Additionally, you’ll find business finance compared in the table below – click the links to learn more!

Sources of business finance Pros Cons
Business loans Plenty of options available, you don’t have to give away equity Potentially high interest rates, businesses with poor credit may struggle
Small business grants A cash award that doesn’t need to be repaid Hugely competitive, with arduous application processes
Invoice financing/factoring An easy way to get cash fast when in need of working capital You may be subject to high fees
Rewards-based crowdfunding You’ll drive public awareness and attract early fans/ambassadors Backers likely won’t offer business support, giving out freebies may take a toll
Equity crowdfunding You’ll drive public awareness and attract experienced investors/mentors You’ll have to give away equity
Angel investors You’ll benefit from the experience and connections of the investor You’ll be required to give them equity
Bootstrapping Fosters innovation and creativity, you won’t lose equity or have fees/repayments You may find having constricted funds difficult and limiting to growth


1. Business loans

Perhaps one of the most popular sources of finance for a business, a business loan is a sum of money borrowed from an organisation in order to fund your business’ growth.

As with all loans you’ll be required to pay it back, along with interest – but you won’t have to give up any equity to the organisation. You’ll also need to undergo stringent credit checks and present a detailed business plan to the lender.

Before deciding which loan to apply for, make sure you understand the difference between secured and unsecured loans, and consider – realistically – how much you’ll need to borrow and how long it’ll take to pay it back.

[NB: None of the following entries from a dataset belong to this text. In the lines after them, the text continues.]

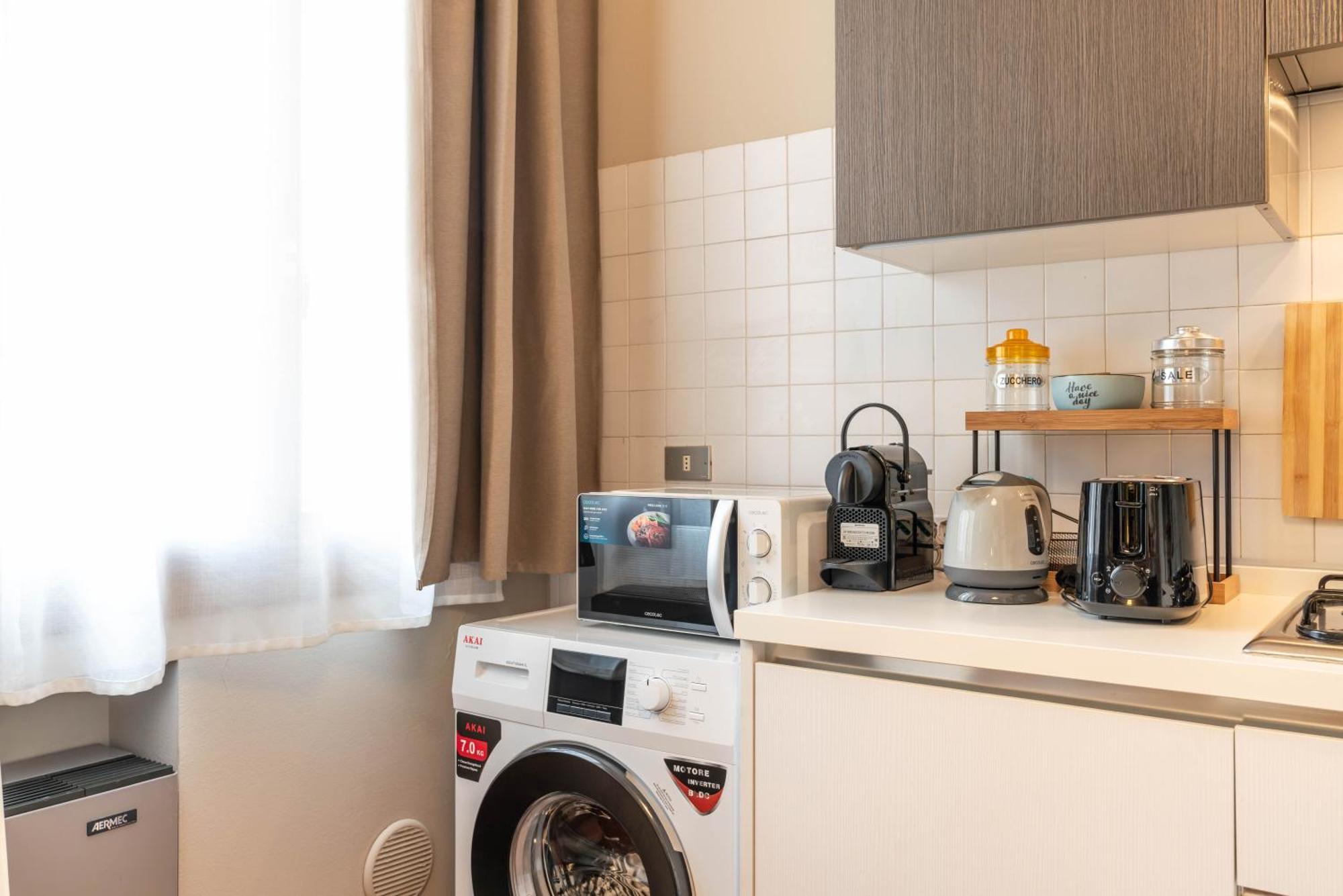 -Near Arena & Parking - Pet Friendly Historical Arena Palace Apartment Verona Exterior photo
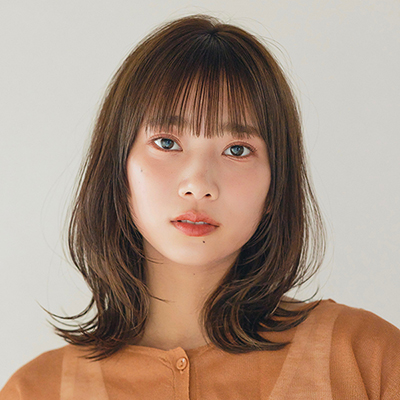 たっぷりレイヤーで重軽MIXに！大人っぽ韓流くびれミディ｜最旬ヘアカタログ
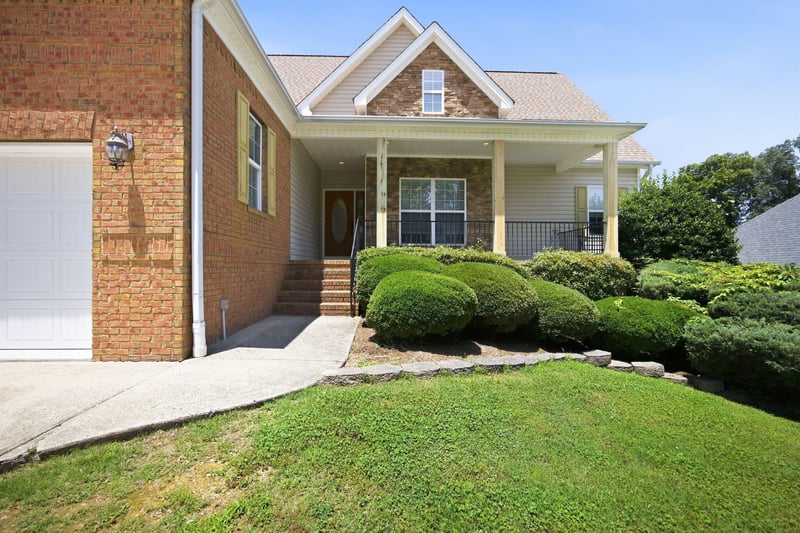 178 Kailors Cove Cir, Ringgold, GA 30736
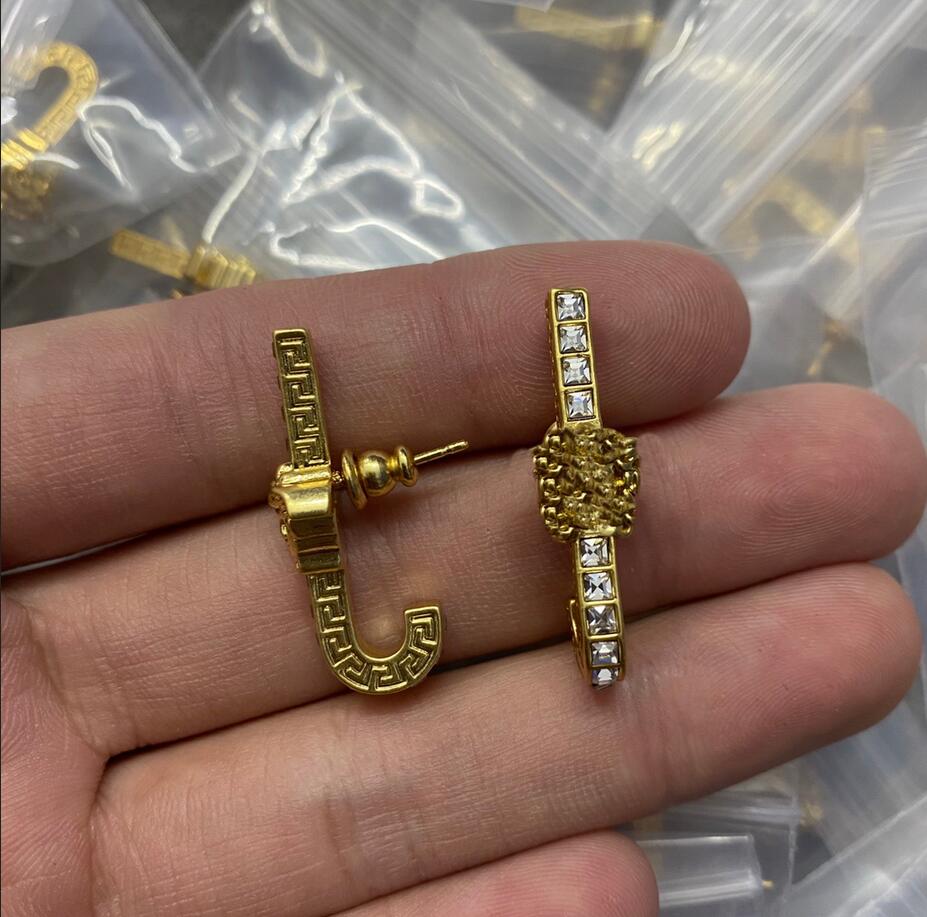 

Ladies Dangle & Chandelier Diamonds Earrings Banshee Medusa Head Portrait Women Tassel Earring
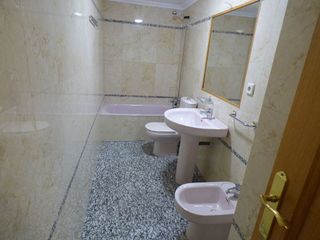 Local comercial en alquiler en Villacerrada - Centro en Albacete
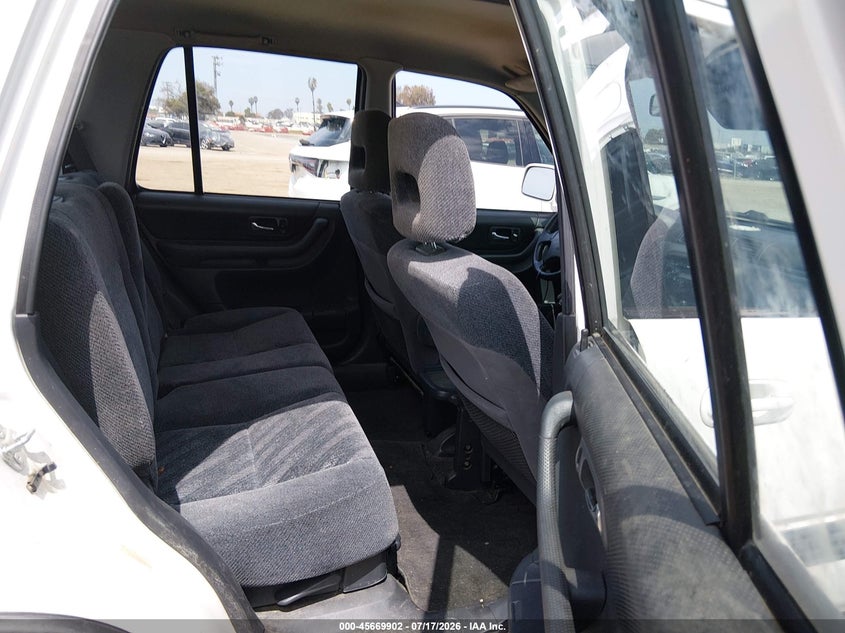 1999 Honda Cr-v VIN JHLRD186XXC001775 IAAI salvage auction — NORMAL WEAR, Clear - Dealer Only (California), sold $25 on 2026-07-29 (photo 8)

Secured loans require you to have assets you can sell if you can’t keep up repayments, whereas unsecured loans don’t – but they do need you to have a promising track record.

Where can I get a business loan?

As well as banks and building societies, you can also seek out loans from:

Government initiatives. Government-backed firms such as The Start Up Loans Company – which lends between £500 and £25,000 in an unsecured loan – aim to make it easier for entrepreneurs to get going.

Peer-to-peer lending platforms. Defined as ‘alternative finance’, online peer-to-peer lending platforms like Funding Circle enable businesses to borrow money from investors quickly and on a flexible basis.


2. Small business grants

One of the more competitive sources of funds for businesses, start-up business grants are effectively cash awards, given to new businesses or entrepreneurs looking to fund a start-up concept. Often, you won’t be required to pay interest on grants – or pay them back at all.

Offered by the government, the European Commission, local authorities, universities and organisations such as charities (check out our guide to the grants available), grants are most often awarded to businesses who are improving lives, innovating a particular sector or contributing to the economy.

How can I get a small business grant?

Unsurprisingly, grants are highly sought-after and competition for them is fierce. As a result they’re notoriously difficult to obtain.

Grants tend to have strict eligibility criteria, so narrow down your search by finding ones that you’ll be eligible for. Factors impacting this will include your business’ purpose, where it’s based, and its size and age.

You can find more advice on how to beat the competition and secure a grant in our detailed guide to applying for a business grant.


3. Invoice financing or factoring

A speedy way to get cash into your business while you’re waiting on payments from customers or clients – and a good way to alleviate the headache caused by late-paying customers – invoice factoring and invoice financing are similar processes which operate in different ways.

Invoice factoring

Invoice factoring involves selling unpaid invoices (also known as receivables) to a financial company.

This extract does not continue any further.